Furthermore, she added, Malaysia was already a popular retirement destination for the Japanese.

“We are more than happy to take in more,” she told a gathering of representatives from several Japanese associations here.

“We have Japanese schools, Japanese clubs and Japanese restaurants back home.

“The cost of living in Malaysia is also a third of that in Japan. Almost everything is duty free except liquor, tobacco and Corningware (a brand of glassware that is resistant to thermal heat),” added Dr Ng, who is here to promote the Make Malaysia Your Second Home (MM2H) programme.

She said since the programme started in 2002, more than 14,300 foreigners had made Malaysia their second home. Of these, more than 1,100 were Japanese.

She said other successful applicants were from Iran, Britain, China, Pakistan, Singapore, Australia, Bangladesh, the United States and India.

Dr Ng said Malaysia was an ideal tourism as well as retirement destination with more than 1,000 islands, 42 marine parks and a 130-million-year-old rainforest.

“We also have homestay programmes which have been popular with Japanese tourists.
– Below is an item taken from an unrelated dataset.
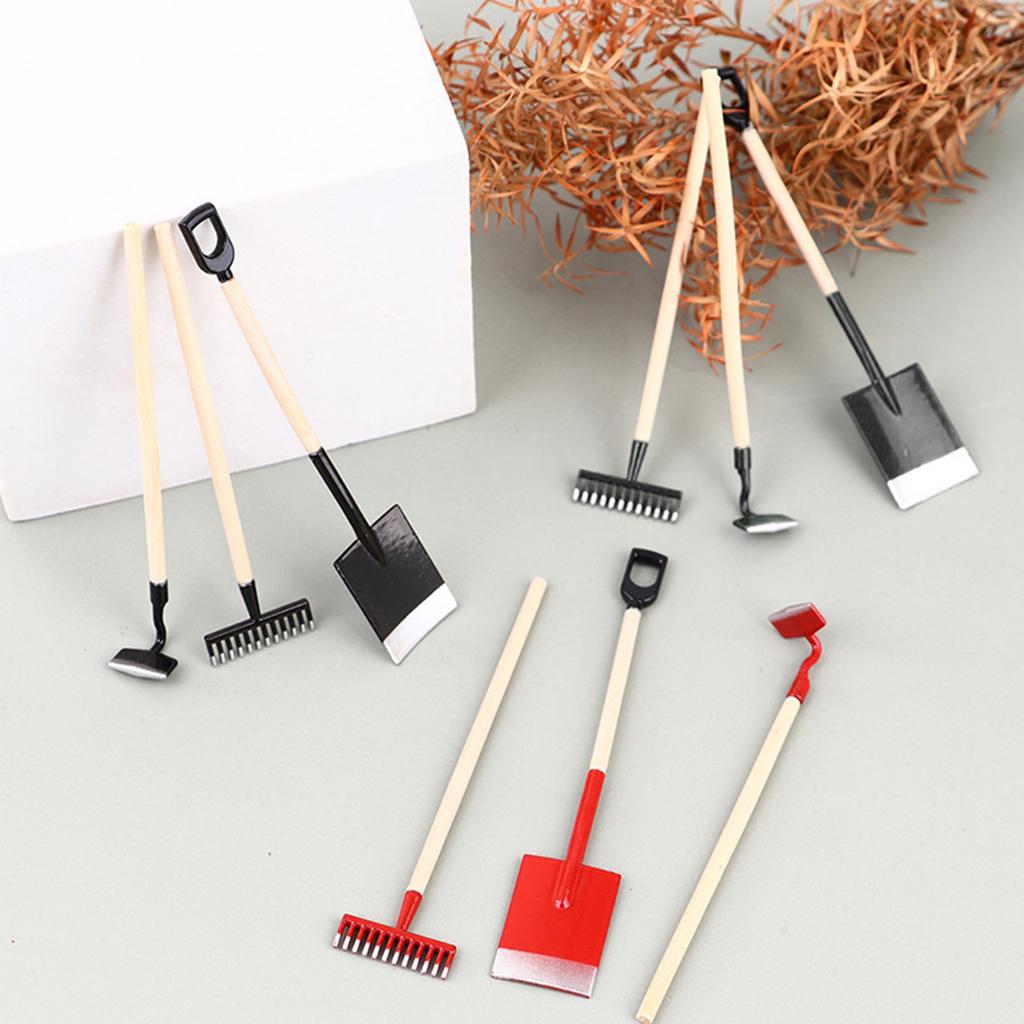 Pack Of 3 Miniature Garden Tools Shovel Rake Hoe Set For 1/12 Dollhouse Perfect For Realistic Landscaping Decorations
Our diversity is also a big asset and this is certainly an added attraction to foreigners,” she said, adding that successful MM2H applicants would get a 10-year multiple entry social visit pass.

She said foreigners need only to show that they have liquid assets worth more than RM350,000 and some form of a monthly income, such as a pension, if they were above 50.

“When your application is approved, you will have to save at least RM150,000 in a fixed deposit with a bank in Malaysia, of which RM50,000 can be withdrawn from the second year onwards if one wishes to,” she said.

For applicants aged 50 and below, they have to show they have liquid assets worth RM500,000 when applying and a monthly income of RM10,000.

“When the application is approved, he or she will have to keep RM300,000 in a fixed deposit account in a bank in Malaysia. He or she will be able to withdraw up to RM150,000 from the second year onwards if he wishes to use the money,” she said, adding that Malaysia was listed by the Wolrd Tourism Council as the ninth most visited country.

Ng said both Malaysia Airlines and AirAsia would start direct flights to Haneda, near Tokyo, in November and December and this would give the Japanese more reason to join the MM2H programme.

MAS now operates regular flights from KL International Airport to Osaka and Narita.